*** Extracted data ***

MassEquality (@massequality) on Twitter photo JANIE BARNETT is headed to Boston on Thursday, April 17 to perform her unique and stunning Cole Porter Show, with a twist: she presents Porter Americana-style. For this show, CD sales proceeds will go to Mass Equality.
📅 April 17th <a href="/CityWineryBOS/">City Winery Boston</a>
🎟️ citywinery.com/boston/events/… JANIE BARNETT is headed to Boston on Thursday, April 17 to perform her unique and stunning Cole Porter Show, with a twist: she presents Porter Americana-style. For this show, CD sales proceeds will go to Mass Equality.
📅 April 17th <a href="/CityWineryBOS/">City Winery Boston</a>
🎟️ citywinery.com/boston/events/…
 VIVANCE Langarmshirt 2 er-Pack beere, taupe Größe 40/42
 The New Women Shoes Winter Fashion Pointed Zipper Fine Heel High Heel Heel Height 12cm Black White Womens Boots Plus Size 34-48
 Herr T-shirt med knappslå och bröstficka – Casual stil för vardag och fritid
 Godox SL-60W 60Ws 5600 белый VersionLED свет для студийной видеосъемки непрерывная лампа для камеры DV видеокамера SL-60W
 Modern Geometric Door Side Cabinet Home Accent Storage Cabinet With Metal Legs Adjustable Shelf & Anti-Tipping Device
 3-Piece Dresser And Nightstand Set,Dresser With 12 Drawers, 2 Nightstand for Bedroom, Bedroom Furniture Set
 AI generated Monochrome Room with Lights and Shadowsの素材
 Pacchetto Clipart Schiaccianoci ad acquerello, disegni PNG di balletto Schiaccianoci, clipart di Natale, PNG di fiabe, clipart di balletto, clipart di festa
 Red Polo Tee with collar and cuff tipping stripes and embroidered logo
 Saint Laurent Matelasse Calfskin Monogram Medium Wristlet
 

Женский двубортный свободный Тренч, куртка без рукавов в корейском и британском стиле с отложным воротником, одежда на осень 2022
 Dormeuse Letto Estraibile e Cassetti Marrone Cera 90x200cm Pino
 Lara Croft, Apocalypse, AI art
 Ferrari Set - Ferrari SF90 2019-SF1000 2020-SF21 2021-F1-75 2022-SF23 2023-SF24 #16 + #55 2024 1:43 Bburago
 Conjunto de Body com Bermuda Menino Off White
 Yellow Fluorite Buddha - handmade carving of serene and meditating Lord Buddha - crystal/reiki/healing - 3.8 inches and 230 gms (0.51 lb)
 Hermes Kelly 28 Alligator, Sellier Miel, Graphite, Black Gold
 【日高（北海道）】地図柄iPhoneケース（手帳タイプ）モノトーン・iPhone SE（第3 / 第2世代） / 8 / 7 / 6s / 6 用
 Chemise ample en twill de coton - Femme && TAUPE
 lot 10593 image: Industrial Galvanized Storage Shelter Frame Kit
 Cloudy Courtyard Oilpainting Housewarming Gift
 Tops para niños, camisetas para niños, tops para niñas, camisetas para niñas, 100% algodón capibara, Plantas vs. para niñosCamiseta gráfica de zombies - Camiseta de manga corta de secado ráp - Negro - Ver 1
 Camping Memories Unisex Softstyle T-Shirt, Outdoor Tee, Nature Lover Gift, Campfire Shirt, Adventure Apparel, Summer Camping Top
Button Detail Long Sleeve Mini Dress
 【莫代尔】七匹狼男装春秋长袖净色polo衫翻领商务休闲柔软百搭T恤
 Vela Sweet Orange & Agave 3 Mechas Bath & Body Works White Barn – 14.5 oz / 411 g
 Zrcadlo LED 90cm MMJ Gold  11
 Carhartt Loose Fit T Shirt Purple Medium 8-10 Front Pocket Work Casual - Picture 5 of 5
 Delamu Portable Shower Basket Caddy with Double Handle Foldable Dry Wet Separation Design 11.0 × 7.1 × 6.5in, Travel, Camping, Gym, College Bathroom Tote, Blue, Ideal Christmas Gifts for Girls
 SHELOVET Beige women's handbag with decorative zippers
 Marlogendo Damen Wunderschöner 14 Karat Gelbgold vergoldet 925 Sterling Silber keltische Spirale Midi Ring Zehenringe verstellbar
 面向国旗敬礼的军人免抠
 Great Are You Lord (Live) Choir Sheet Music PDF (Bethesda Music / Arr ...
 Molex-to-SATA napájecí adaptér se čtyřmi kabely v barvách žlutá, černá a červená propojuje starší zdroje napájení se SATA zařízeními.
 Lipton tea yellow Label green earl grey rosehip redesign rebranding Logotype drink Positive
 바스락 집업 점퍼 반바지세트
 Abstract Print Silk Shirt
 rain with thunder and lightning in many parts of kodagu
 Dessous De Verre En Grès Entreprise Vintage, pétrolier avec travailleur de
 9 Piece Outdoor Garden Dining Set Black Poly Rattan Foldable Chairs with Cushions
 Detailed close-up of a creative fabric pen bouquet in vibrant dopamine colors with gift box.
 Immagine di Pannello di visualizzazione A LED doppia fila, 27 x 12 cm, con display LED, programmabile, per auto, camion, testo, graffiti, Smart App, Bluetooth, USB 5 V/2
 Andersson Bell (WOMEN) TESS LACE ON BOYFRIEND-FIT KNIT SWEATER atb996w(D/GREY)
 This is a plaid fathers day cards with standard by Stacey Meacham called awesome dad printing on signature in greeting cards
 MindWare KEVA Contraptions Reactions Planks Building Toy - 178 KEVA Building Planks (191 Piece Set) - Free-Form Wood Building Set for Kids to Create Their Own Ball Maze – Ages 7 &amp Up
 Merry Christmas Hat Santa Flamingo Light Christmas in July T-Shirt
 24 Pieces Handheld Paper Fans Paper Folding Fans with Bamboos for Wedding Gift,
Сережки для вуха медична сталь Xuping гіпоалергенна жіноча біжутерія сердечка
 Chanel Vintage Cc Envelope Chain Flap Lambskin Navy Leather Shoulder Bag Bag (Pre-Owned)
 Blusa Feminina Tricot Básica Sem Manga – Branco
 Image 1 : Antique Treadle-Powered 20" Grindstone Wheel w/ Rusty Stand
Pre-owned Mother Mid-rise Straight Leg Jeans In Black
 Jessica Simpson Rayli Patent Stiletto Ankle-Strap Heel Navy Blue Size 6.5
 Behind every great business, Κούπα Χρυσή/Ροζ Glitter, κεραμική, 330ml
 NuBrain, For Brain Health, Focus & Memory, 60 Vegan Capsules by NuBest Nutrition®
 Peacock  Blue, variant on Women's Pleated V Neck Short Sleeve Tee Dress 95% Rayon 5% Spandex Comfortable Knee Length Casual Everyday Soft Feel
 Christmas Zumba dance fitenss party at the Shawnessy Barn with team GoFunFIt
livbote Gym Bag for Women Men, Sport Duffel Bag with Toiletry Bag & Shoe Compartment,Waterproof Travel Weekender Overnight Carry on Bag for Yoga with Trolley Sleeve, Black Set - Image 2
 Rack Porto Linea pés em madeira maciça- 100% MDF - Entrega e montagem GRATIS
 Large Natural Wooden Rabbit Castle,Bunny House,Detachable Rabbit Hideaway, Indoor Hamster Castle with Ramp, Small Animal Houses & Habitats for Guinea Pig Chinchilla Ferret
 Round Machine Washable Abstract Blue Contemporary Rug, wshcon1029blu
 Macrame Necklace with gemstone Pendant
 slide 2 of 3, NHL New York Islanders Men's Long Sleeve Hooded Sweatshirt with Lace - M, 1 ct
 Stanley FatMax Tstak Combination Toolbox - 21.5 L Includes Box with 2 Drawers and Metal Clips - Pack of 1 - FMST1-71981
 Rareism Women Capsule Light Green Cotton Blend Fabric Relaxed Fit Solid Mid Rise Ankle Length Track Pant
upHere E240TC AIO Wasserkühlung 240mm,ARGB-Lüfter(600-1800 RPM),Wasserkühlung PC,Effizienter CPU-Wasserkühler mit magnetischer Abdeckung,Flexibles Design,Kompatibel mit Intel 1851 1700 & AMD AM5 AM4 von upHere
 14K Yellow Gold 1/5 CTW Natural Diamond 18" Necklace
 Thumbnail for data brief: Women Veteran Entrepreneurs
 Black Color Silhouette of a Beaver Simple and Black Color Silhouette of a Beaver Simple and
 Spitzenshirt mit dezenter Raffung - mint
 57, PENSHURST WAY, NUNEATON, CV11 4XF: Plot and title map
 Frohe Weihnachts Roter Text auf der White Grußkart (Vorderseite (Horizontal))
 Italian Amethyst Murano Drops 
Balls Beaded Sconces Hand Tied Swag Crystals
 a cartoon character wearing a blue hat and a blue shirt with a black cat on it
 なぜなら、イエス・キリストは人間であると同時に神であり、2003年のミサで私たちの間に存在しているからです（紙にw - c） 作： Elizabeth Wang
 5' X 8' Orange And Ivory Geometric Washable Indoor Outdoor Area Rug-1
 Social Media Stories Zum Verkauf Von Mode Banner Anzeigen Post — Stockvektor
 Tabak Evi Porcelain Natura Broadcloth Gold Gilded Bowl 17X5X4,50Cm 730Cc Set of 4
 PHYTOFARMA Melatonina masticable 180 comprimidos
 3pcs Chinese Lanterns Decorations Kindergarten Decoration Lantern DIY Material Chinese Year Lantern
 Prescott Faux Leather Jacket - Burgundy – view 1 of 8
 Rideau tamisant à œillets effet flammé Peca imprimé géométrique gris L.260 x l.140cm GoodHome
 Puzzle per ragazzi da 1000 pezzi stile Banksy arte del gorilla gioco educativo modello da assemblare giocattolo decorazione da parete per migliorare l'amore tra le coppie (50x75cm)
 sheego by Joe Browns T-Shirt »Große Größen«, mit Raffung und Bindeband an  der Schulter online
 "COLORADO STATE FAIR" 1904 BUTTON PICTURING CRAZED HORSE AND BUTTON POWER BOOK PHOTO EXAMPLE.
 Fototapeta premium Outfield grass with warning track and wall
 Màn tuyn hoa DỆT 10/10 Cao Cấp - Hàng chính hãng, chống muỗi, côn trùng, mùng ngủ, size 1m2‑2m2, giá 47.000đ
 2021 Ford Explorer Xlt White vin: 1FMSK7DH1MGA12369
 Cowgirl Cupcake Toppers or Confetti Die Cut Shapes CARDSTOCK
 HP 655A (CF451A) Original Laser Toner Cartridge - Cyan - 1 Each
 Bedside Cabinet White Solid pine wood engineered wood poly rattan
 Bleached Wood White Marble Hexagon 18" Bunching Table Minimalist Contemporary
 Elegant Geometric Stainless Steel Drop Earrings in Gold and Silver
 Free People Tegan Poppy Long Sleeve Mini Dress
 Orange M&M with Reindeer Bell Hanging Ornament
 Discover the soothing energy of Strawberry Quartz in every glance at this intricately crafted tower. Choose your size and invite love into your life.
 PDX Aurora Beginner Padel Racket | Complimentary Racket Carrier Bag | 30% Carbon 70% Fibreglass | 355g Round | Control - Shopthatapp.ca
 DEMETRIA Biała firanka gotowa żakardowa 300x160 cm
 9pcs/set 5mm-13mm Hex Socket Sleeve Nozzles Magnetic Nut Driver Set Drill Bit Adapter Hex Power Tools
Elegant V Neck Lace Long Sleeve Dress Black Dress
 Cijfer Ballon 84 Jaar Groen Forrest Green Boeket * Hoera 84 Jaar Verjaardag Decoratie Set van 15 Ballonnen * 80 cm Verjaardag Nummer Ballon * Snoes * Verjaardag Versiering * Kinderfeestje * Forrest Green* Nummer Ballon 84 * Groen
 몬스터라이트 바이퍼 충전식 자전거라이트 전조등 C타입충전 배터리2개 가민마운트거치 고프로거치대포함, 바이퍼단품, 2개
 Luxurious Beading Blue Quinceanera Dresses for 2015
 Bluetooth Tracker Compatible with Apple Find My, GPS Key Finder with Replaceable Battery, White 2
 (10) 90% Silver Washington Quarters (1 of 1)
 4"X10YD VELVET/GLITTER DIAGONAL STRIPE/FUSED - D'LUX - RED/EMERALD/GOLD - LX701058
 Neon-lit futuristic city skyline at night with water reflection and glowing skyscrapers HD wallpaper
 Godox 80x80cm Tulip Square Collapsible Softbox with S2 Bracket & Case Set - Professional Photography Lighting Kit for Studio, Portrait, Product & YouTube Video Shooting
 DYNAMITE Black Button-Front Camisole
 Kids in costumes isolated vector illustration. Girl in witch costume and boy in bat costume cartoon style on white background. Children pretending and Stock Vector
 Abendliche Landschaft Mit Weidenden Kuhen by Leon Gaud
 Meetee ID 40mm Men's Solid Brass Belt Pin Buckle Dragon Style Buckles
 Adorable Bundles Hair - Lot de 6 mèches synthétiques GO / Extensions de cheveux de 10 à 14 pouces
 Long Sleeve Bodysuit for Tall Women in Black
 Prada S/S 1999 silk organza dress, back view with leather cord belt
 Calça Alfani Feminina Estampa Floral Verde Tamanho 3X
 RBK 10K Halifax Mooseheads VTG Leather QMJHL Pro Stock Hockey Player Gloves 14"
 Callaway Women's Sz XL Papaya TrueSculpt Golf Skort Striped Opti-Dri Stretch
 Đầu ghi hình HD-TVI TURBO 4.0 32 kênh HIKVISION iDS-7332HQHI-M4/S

*** End of Extracted data ***

◆ Try it ◆
Within the entries, find all lines holding "Outdoor" and copy each one.

◆ Solution ◆
 Camping Memories Unisex Softstyle T-Shirt, Outdoor Tee, Nature Lover Gift, Campfire Shirt, Adventure Apparel, Summer Camping Top
 9 Piece Outdoor Garden Dining Set Black Poly Rattan Foldable Chairs with Cushions
 5' X 8' Orange And Ivory Geometric Washable Indoor Outdoor Area Rug-1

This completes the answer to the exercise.